Brett Kavanaugh’s First Day On Supreme Court Sees A Move Toward The Mundane

Associate Justice Brett Kavanaugh is sworn in to serve.
Chip Somodevilla / Getty Images

After possibly the most divisive Supreme Court nomination process in American history, Brett Kavanaugh finally took his seat on the Supreme Court. It was a long and protracted road for Kavanaugh — one which saw Democrats push for an investigation into sexual assault allegations while Republicans defended him at every turn. President Donald Trump went so far as to refer to the new Associate Justice of the Supreme Court as “flawless,” according to reports from The Guardian.

However, when Kavanaugh put on his robes for the first time and began his first day of work, all of the debate and the anger sunk into the background.

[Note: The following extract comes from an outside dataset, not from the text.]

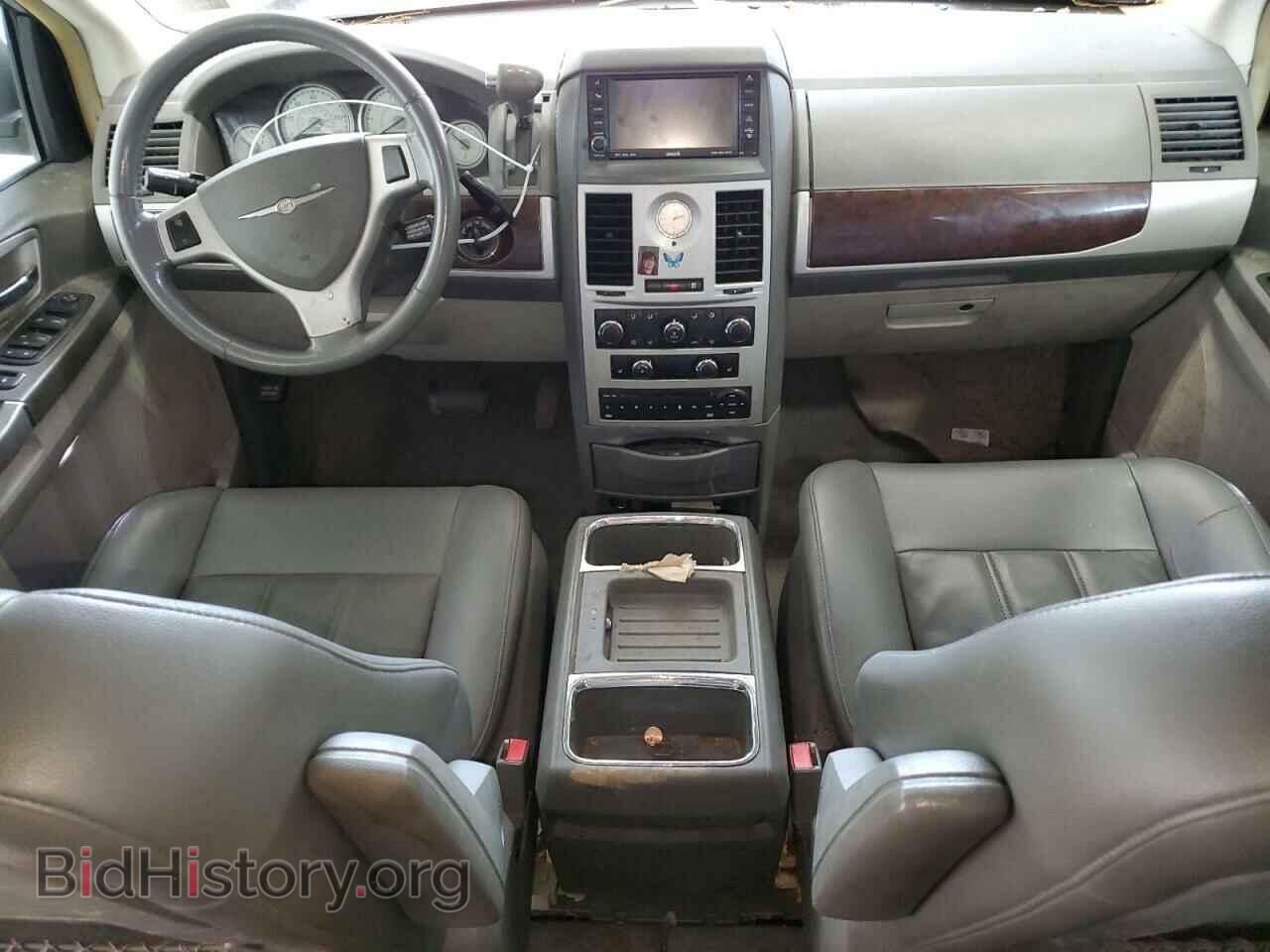 2010 CHRYSLER MINIVAN - VIN: 2A4RR5D16AR351106 - Фото 8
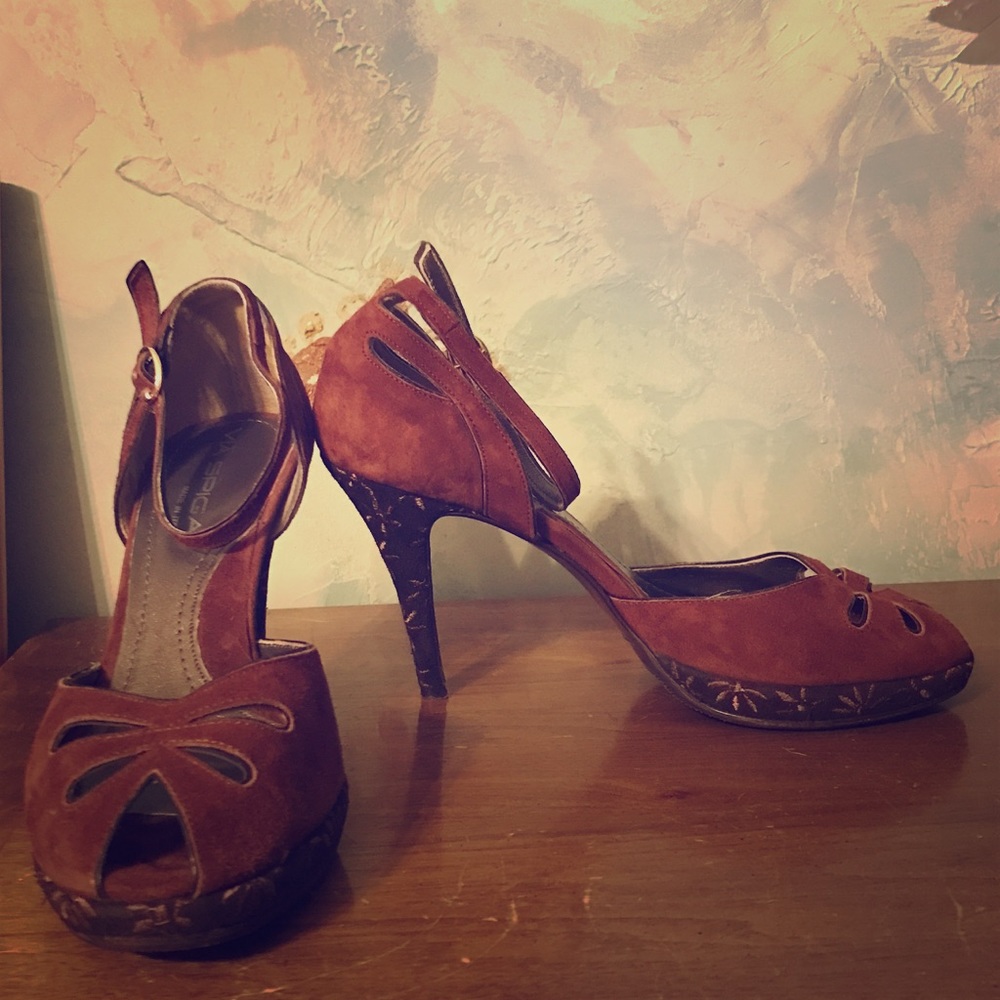 Via Spiga Rugoe Rust Suede/Embroidered Pump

Kavanaugh’s arrival was attended by a brief greeting from Chief Justice John Roberts, who said that he took “great pleasure” in seeing Kavanaugh join their ranks. Roberts also wished Kavanaugh “a long and happy career,” before the Justices got back to the business of their work.

Lawyers approached the bench to be sworn in. Kavanaugh spoke in quiet conversation as he sat next to Associate Justice Elena Kagan, both laughing at each other’s comments.

The first case that came before Kavanaugh had very little to do with the culture-shifting decisions that some hope — or fear — that he will make throughout his stint on the Supreme Court. Instead, it focused on a Florida robbery conviction from 1997 — and whether said crime can become a violent felony conviction without the employment of “physical force.” The usage of physical force during the criminal proceedings would trigger a mandatory minimum sentence due to a federal law regarding people with three prior convictions for violent felonies convicted of illegal firearm possession.

While a mouthful of a case, this issue never came up during the confirmation process. Topics such as the interpretation of executive power, abortion, and Obamacare brought the most fierce debate during the confirmation hearings — when the topic could be moved at all away from Kavanaugh’s alleged moral failings.

This type of deep legal interpretation constitutes the majority of the work done by the Supreme Court. Interpreting troublesome legal jargon will take up most of Kavanaugh’s time for however long he serves in his current capacity.

The veteran members of the highest judiciary approached the debate with a sense of enjoyment. They talked back and forth with the lawyers present and even cracked jokes. At one point Justice Sonia Sotomayor pinched Justice Neil Gorsuch in an effort to give a hypothetical example of the use of physical force.

Kavanaugh eventually joined the debate, asking a question about Supreme Court precedent. He then followed up with three more questions, each one accompanied by a noticeable hush in the room. However, by the end of the case, Kavanaugh’s questions and comments had become a part of the everyday routine for the Supreme Court.

There were protests outside, but protesters had dispered by the time that the first case was completed. There were television cameras present that were eventually turned off and carted as reporters waited for something exciting to happen — eventually being denied of said sport.

What Kavanaugh’s nomination will ultimately mean for the Supreme Court may take months or even years to fully discern. But on day one, it was all just business as usual, with that business moving on to”whether burglary of a nonpermanent or mobile structure that is adapted or used for overnight accommodation can qualify as ‘burglary’ under the Armed Career Criminal Act of 1984.”